■ DESCRIPTION OF THE TASK ■
All lines below must be repeated exactly, with the pictures omitted.

■ GIVEN MATERIAL ■
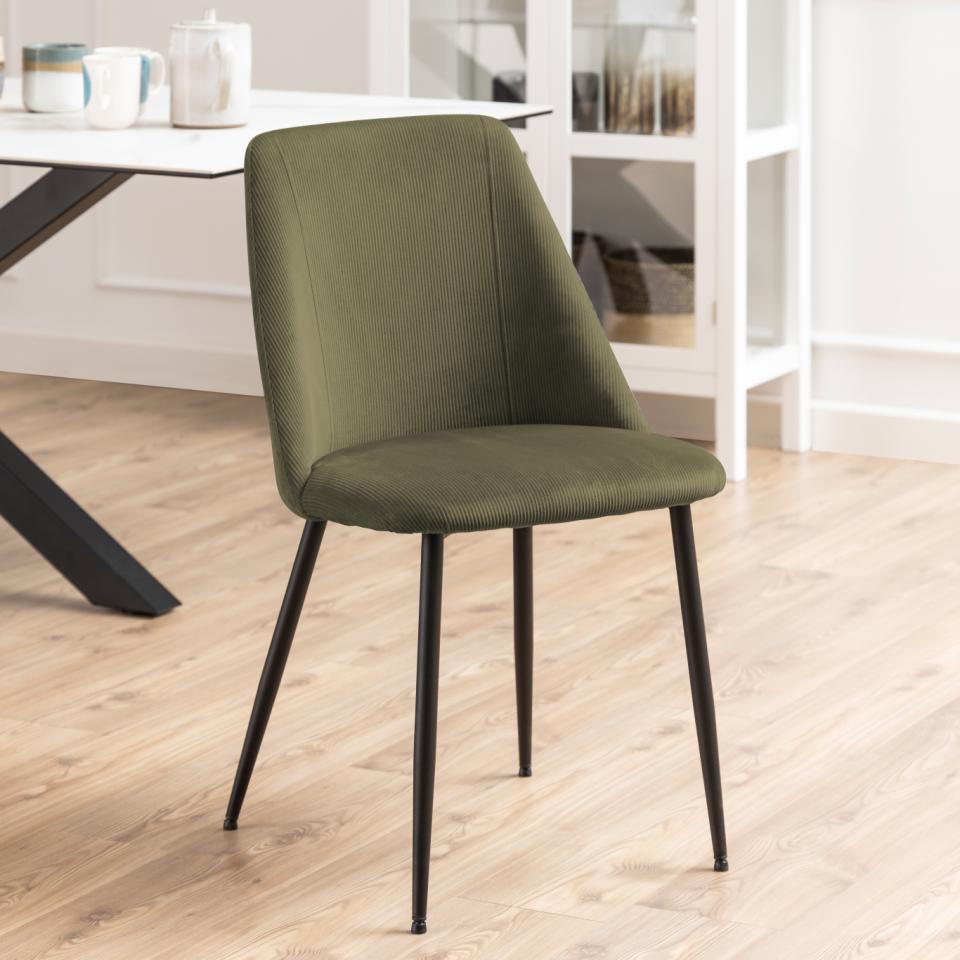 Ines Luxury Fabric Dining Chair In Olive Green With Black Metal Legs, Set Of 4 Chairs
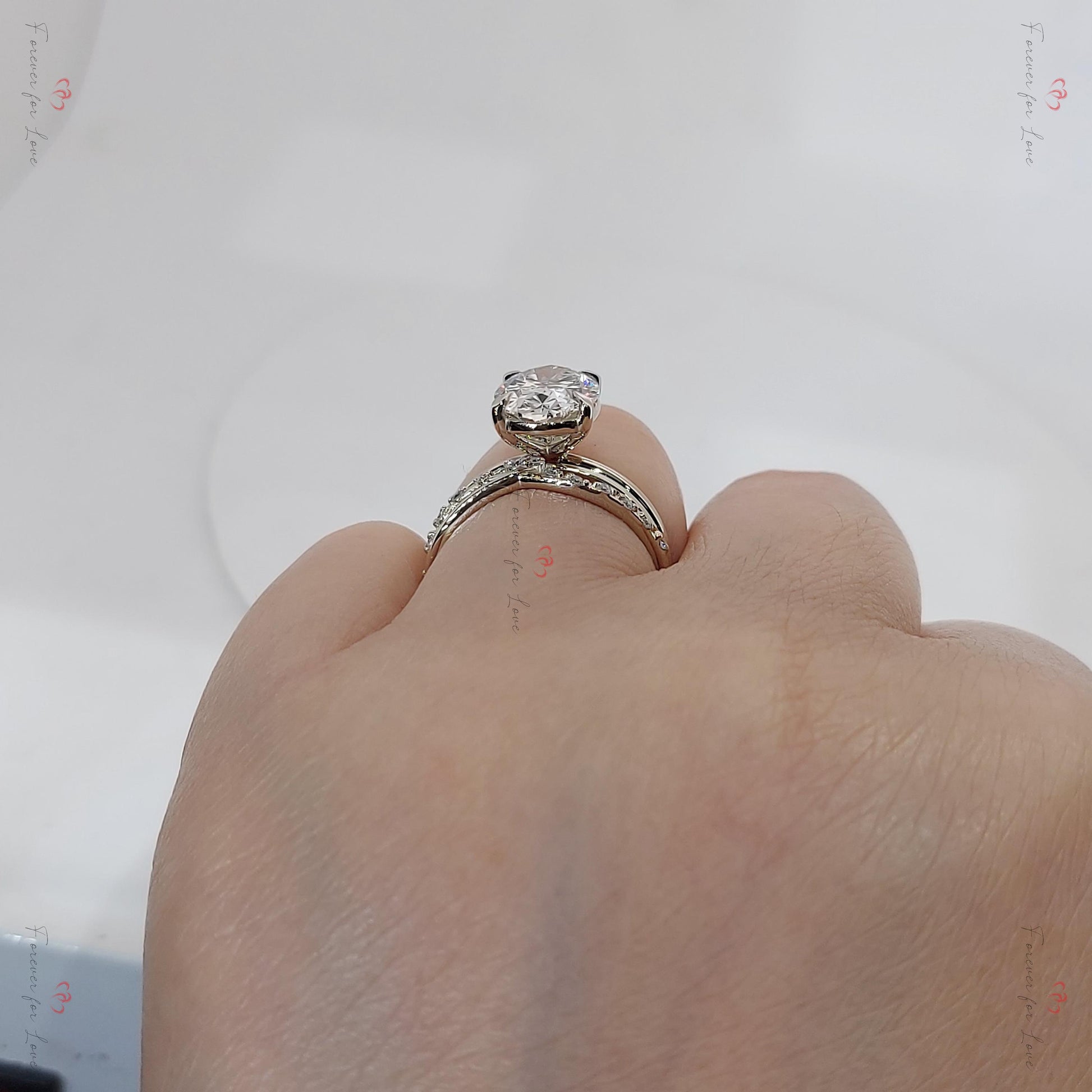 3 Ct Oval Lab Diamond Hidden Halo Engagement Ring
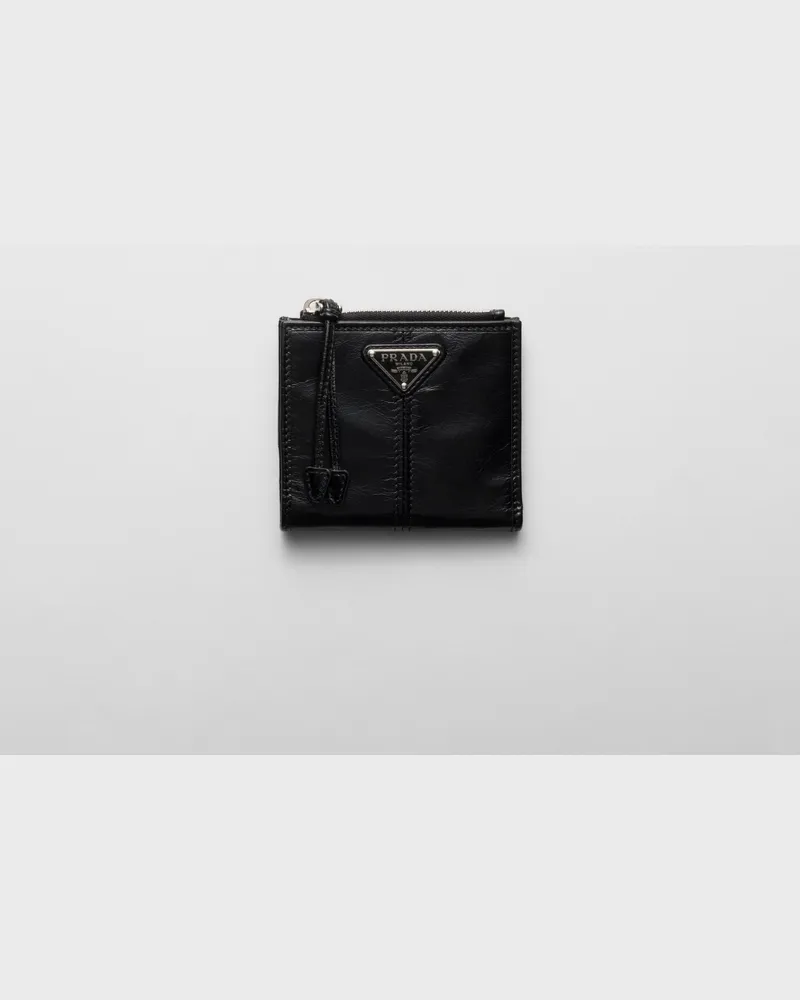 Prada Kleine Geldbörse aus Leder Schwarz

■ WRITTEN RESPONSE ■
 Ines Luxury Fabric Dining Chair In Olive Green With Black Metal Legs, Set Of 4 Chairs
 3 Ct Oval Lab Diamond Hidden Halo Engagement Ring
 Prada Kleine Geldbörse aus Leder Schwarz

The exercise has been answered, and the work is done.